If the idea is to eliminate the need for ORDER BY then what this article describes should not be trusted. There is no guarantee that an index (clustered or non-clustered) will return the result in an ordered manner. IT might work today, but what happens when the amount of data or statistics changes? Will the QO find a better plan and havoc the ordered results that used to be returned to the client? It might very well do so.
There is only one way to guarantee ordered results. Say it after me: ORDER BY.
On the other hand, if you don't want SQL Server to waste memory, disk I/O and CPU on sorting, then you could send the result to the client and let it do the sorting. There is usually lots of unused CPU capacity on the client computers.
Thanks for your feedback!
The scope behind this article is to show how an already sorted result set will improve query performance since the data is already sorted. Let's take a DWH were having multiple indexes and/or Indexed views are not an issue since the data is preloaded during the ETL process.
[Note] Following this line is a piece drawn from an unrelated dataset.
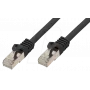 Kabel sieciowy shiverpeaks BASIC-S 0,25 m Cat7 S/FTP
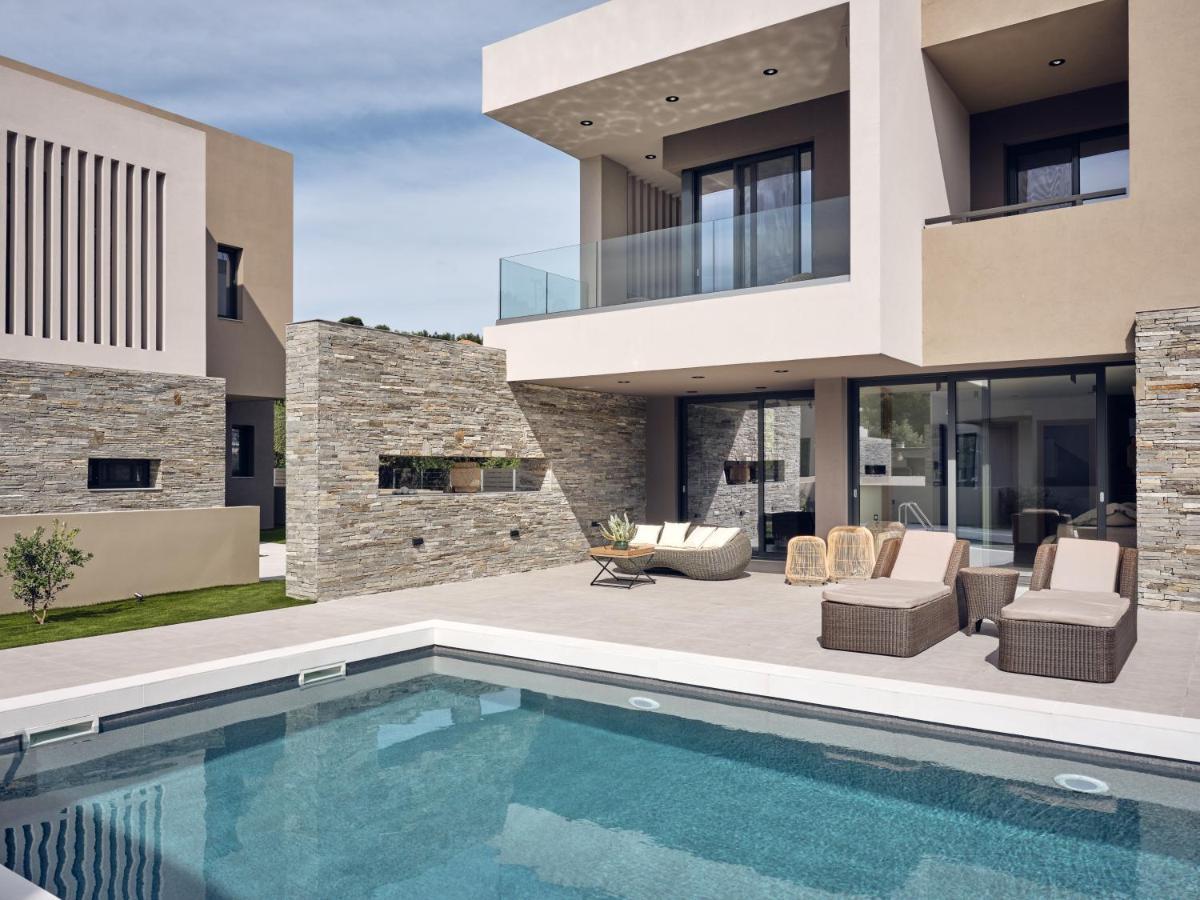 Aguacate Glafki Villa Tsilivi  Exterior foto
This method will improve query performance when running SQL or Reports on the source table.
And yes, I'll say it after you.... the ORDER BY will always guarantee that the data set is ordered, in fact that's why I did also specify that in the SELECT statements. 
With regards to your last suggestion, yes that can be an option, however I'm trying to keep all processing centralized on the server, which is accessible by all. I would argue that if a data set is always required ordered by a specific column/s and multiple users need to access this data, why not sort it for everyone in the first place.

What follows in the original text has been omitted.